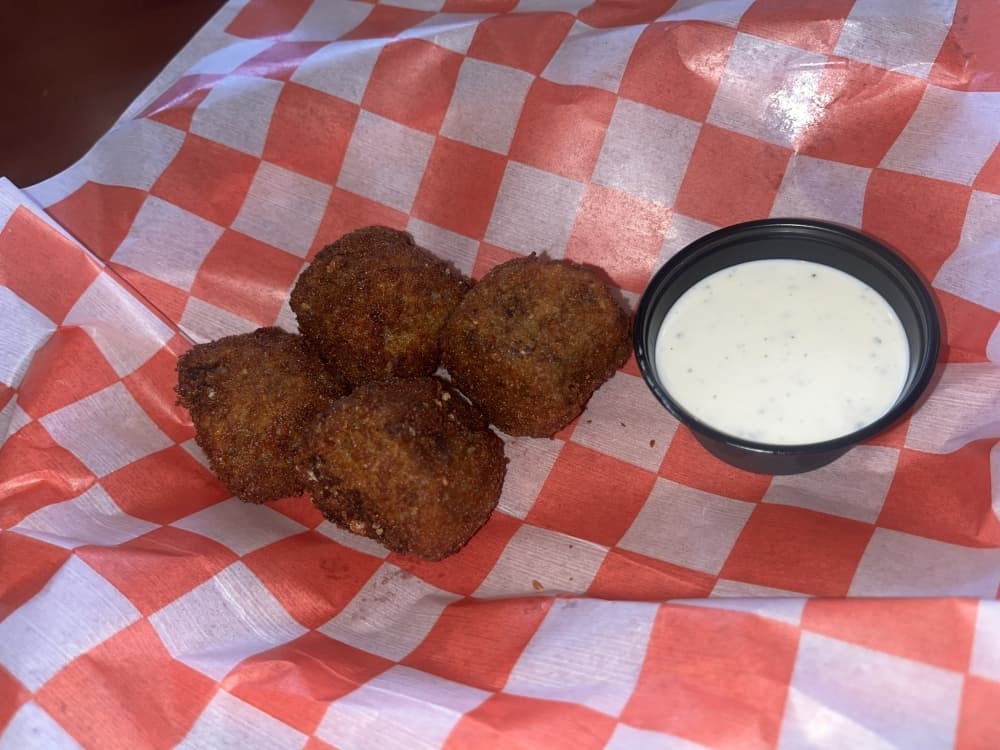 
Boudin balls ($7.95) are rice rolled into sausage balls, tossed with panko and deep-fried.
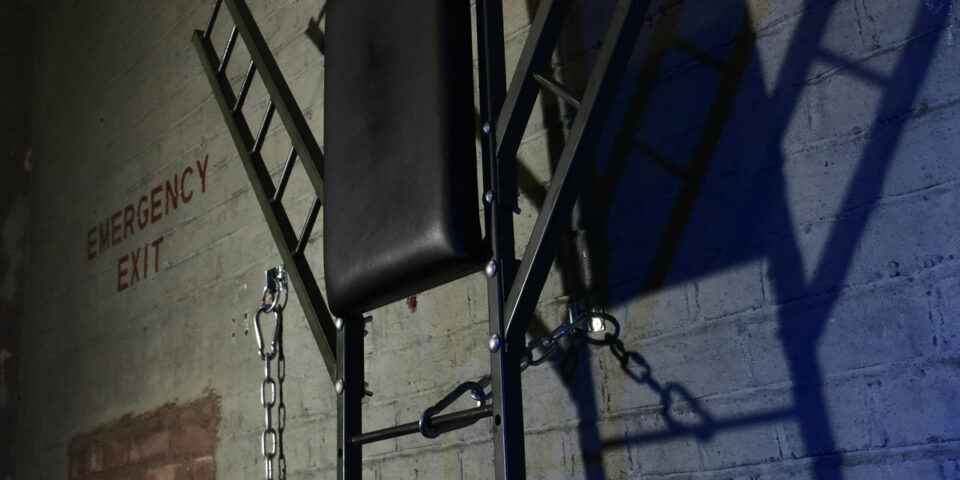 The Bunker London's private appointment only gay cruise club. Interior shot of a dungeon with chains and emergency exit sign.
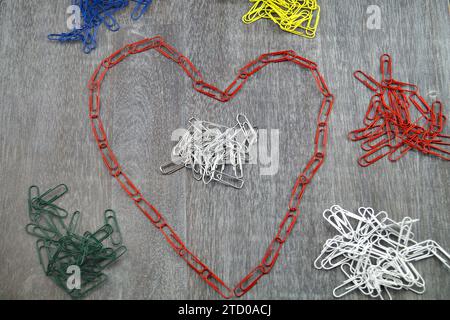 colourful paper-clips, the red layed in heart-shape, love in the office Stock Photo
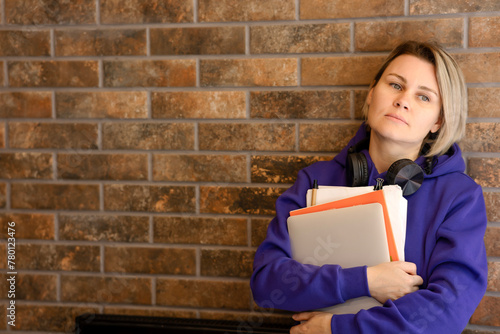 The student girl is thoughtful, looking away, leaning against a brick wall. Young blonde woman in blue hooded sweater holding laptop and notebooks, big black headphones, space for copy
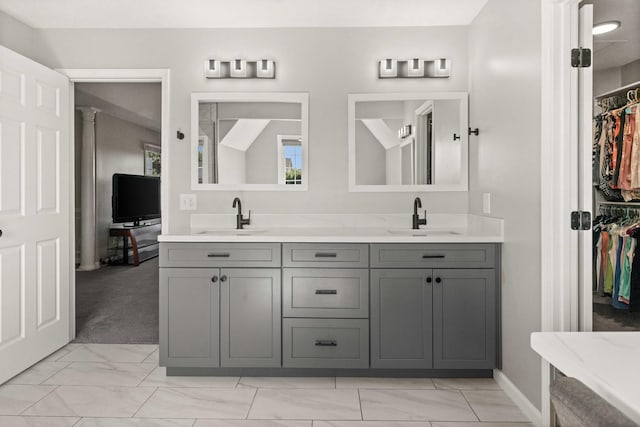 2913 Fox Creek Rd, Bloomington, IL 61705 - full bath with marble look tile flooring, double vanity, and a spacious closet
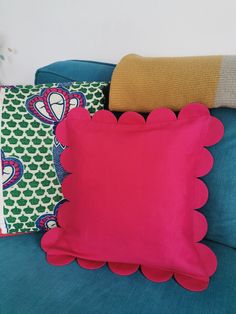 three pillows on a blue couch in a room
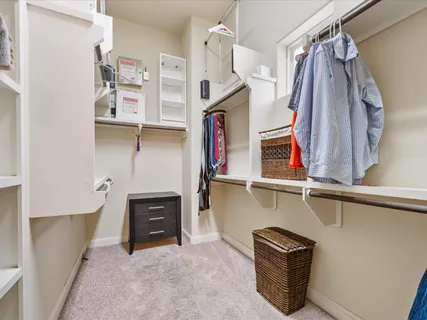 a view of a street with potted plants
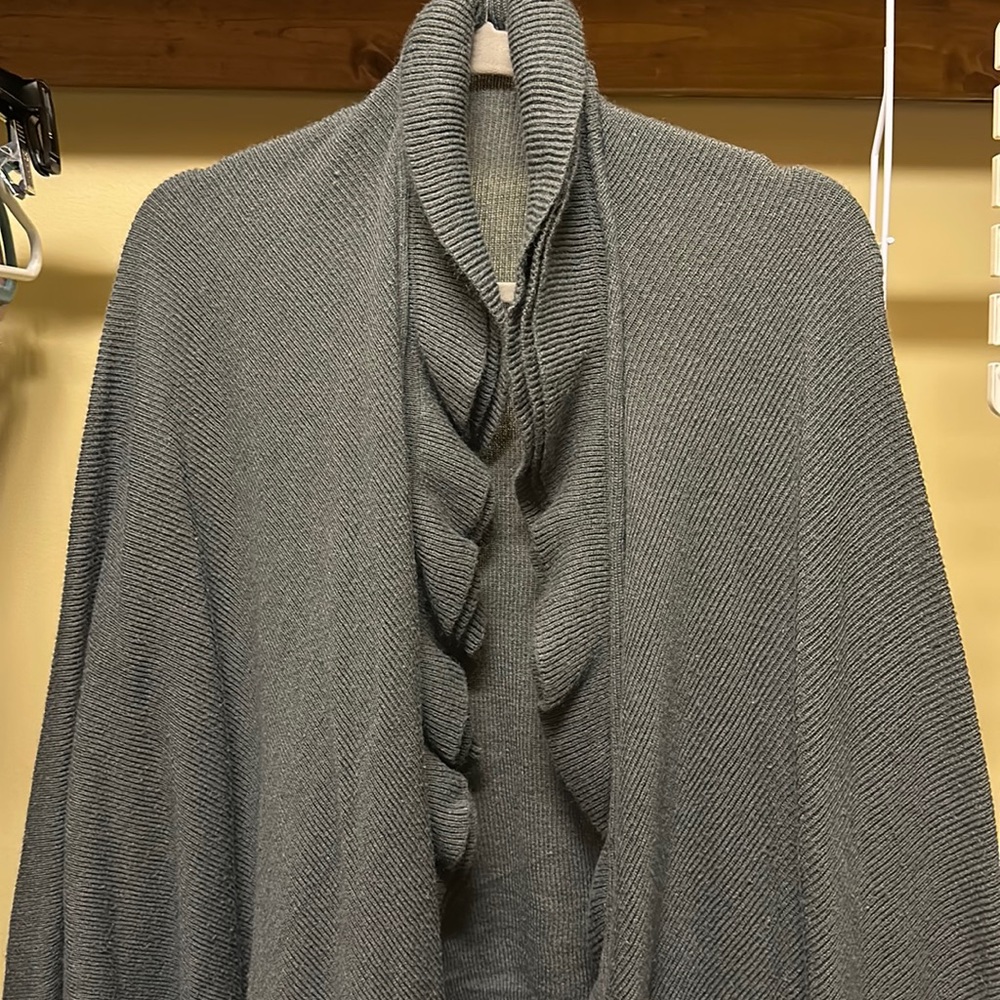 Dark gray shawl with ruffle collar.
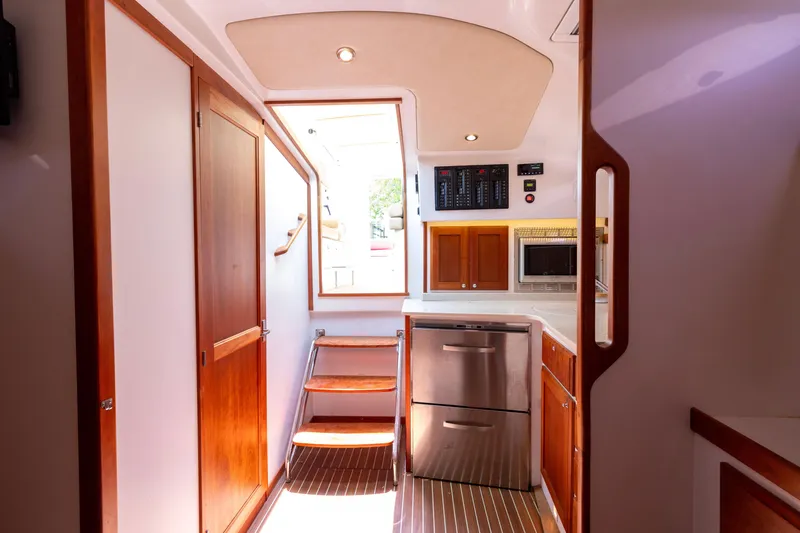Slide: The Image of Interior of 2018 Back Cove Downeast 37 yacht, featuring wooden cabinetry and modern appliances. - 33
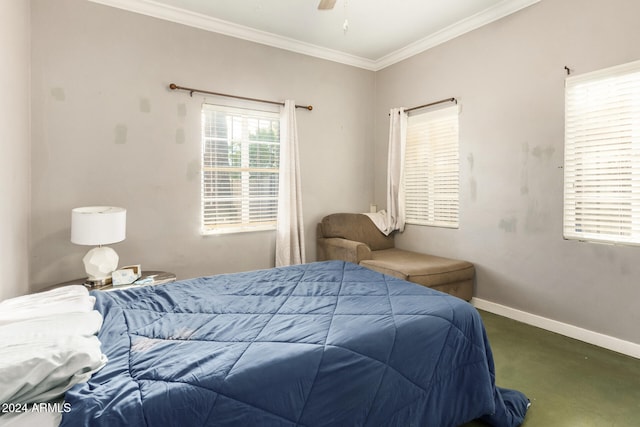 carpeted bedroom featuring crown molding and ceiling fan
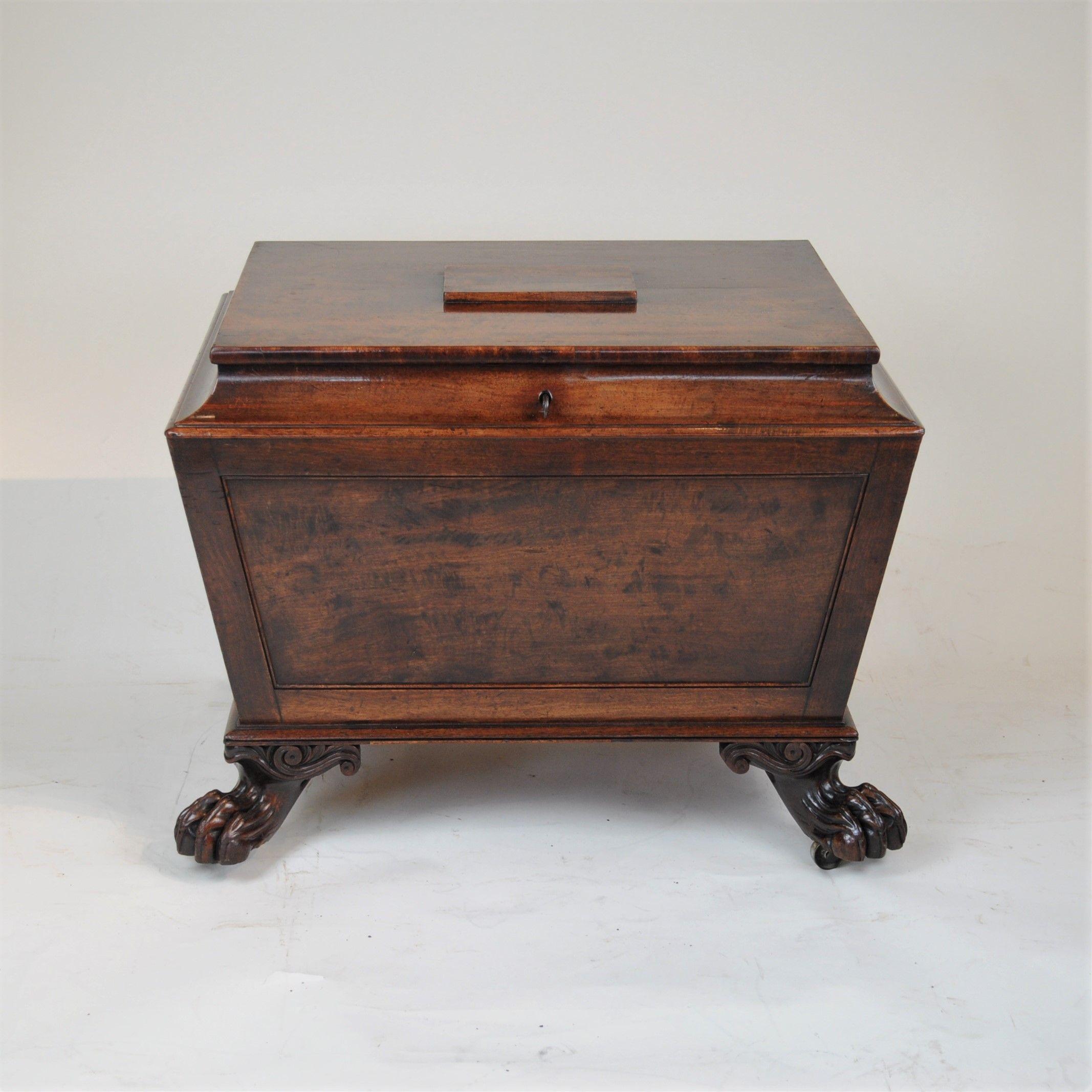 A fine quality Regency period, figured mahogany cellarette, the flat top with slightly raised central panel, opening to reveal a later baize-lined interior. The tapered body and panelled body with original brass lions-mask handles and raised on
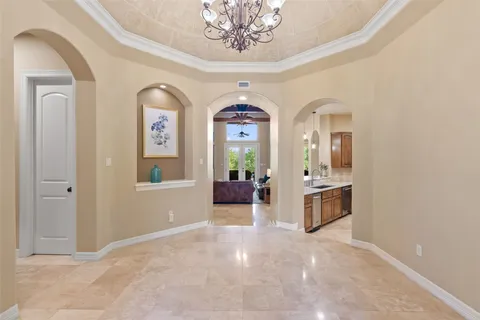 a view of a hallway with entryway windows chandelier and a kitchen view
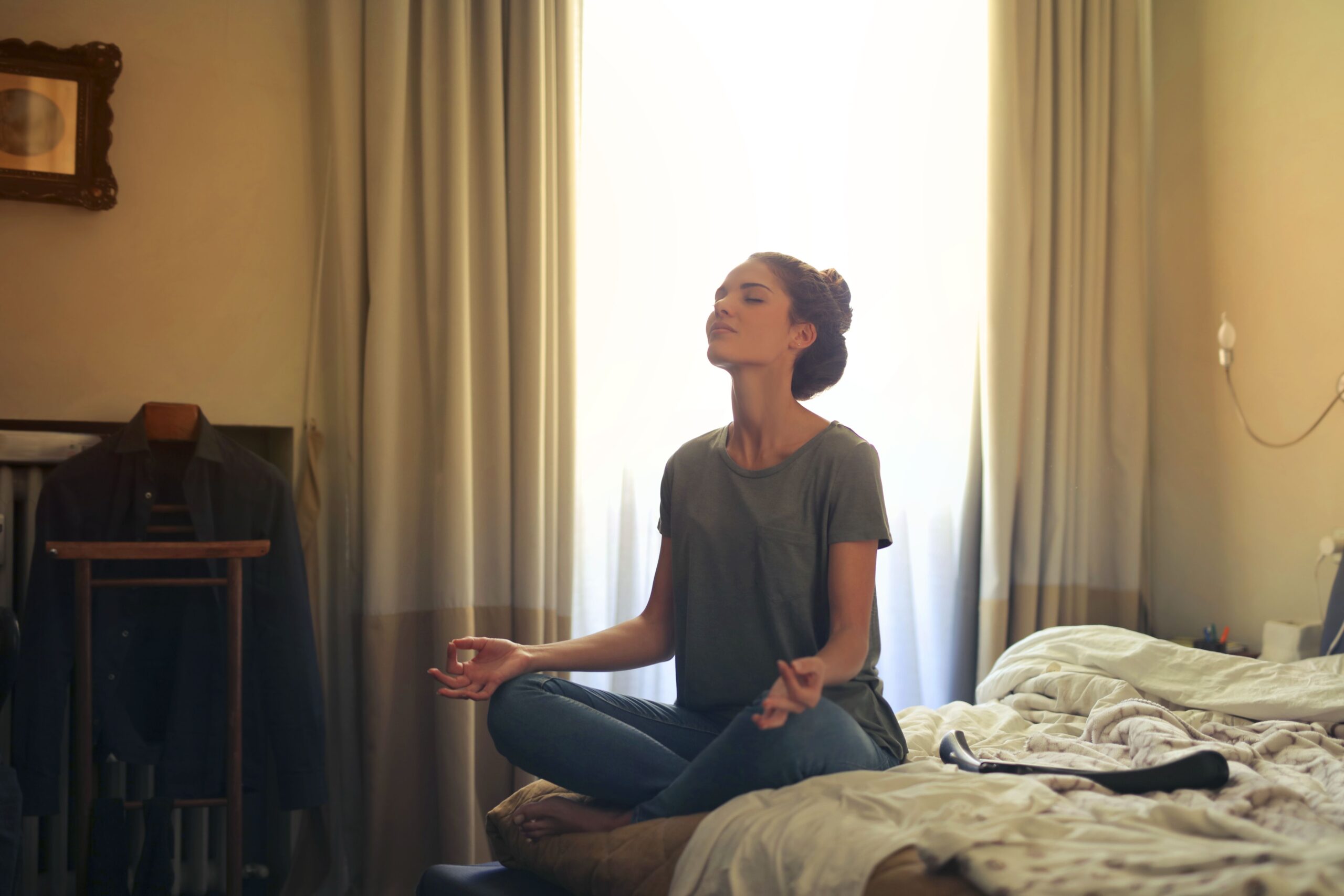 Woman meditating in a calm bedroom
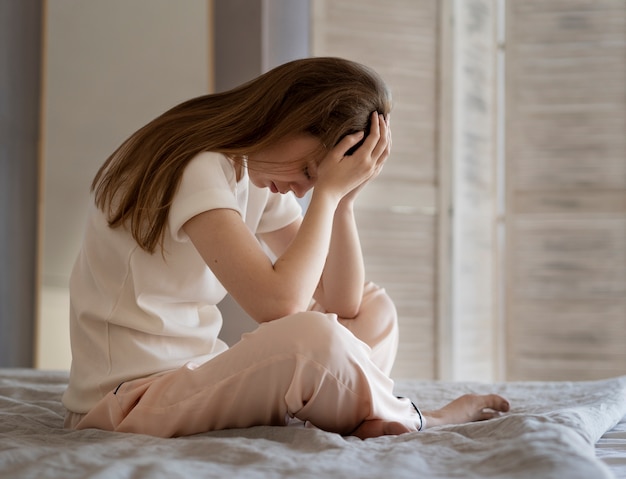 Foto gratuita mujer ansiosa sentada en la cama tiro completo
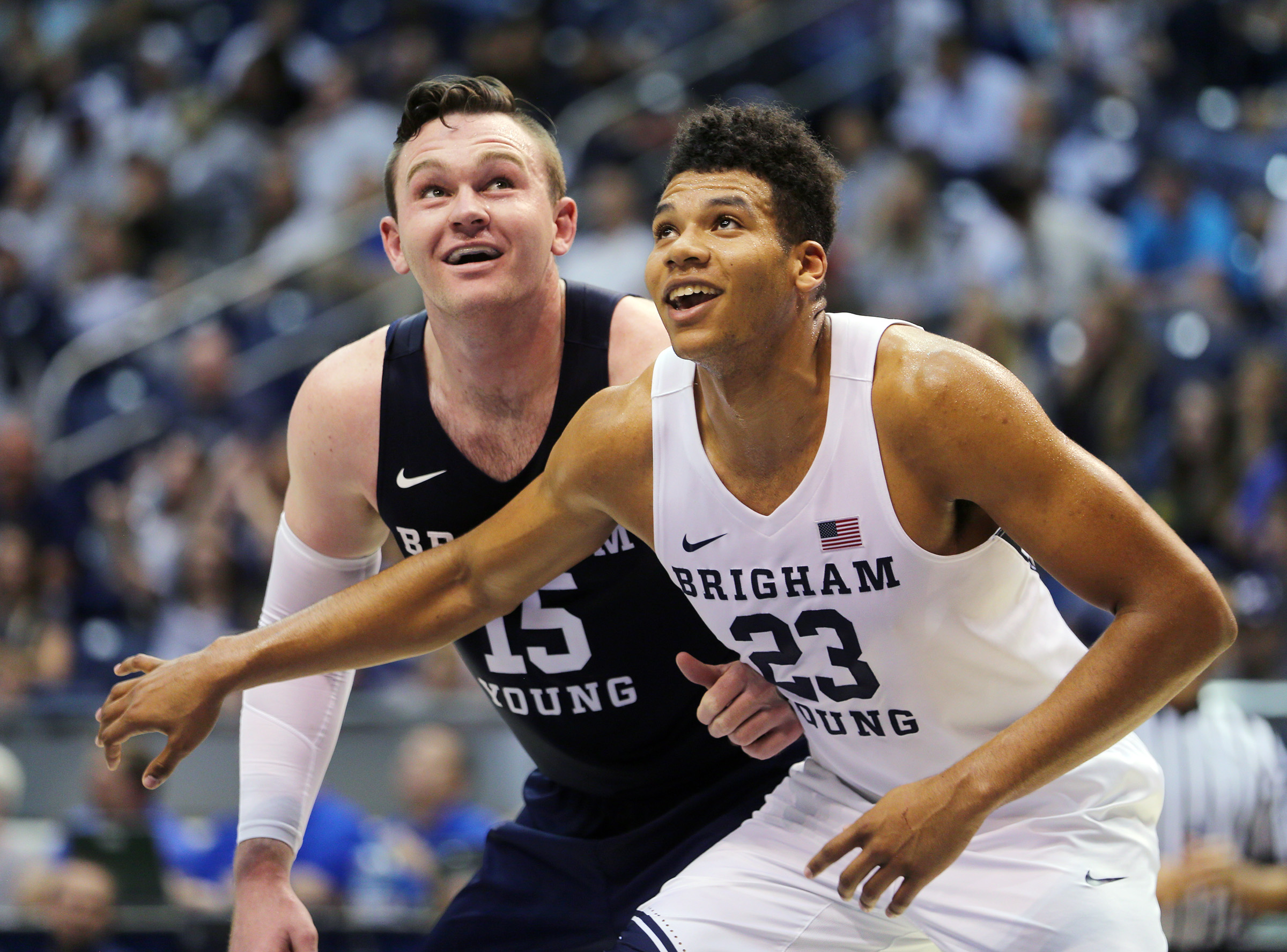 Brigham Young Cougars forward Payton Dastrup (15) and Brigham Young Cougars forward Yoeli Childs (23) laugh as they talk during a free throw during the Cougar Tipoff at the Marriott Center in Provo on Wednesday, Oct. 26, 2016. (Photo: Scott G Winterton, Deseret News)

════════

• Assignment
Starting at the line above with "colourful paper-clips, the", output every line exactly up to and including the line with "three pillows on a blue couch in a room", but none of the pictures.

• Solution to the exercise
 colourful paper-clips, the red layed in heart-shape, love in the office Stock Photo
 The student girl is thoughtful, looking away, leaning against a brick wall. Young blonde woman in blue hooded sweater holding laptop and notebooks, big black headphones, space for copy
 2913 Fox Creek Rd, Bloomington, IL 61705 - full bath with marble look tile flooring, double vanity, and a spacious closet
 three pillows on a blue couch in a room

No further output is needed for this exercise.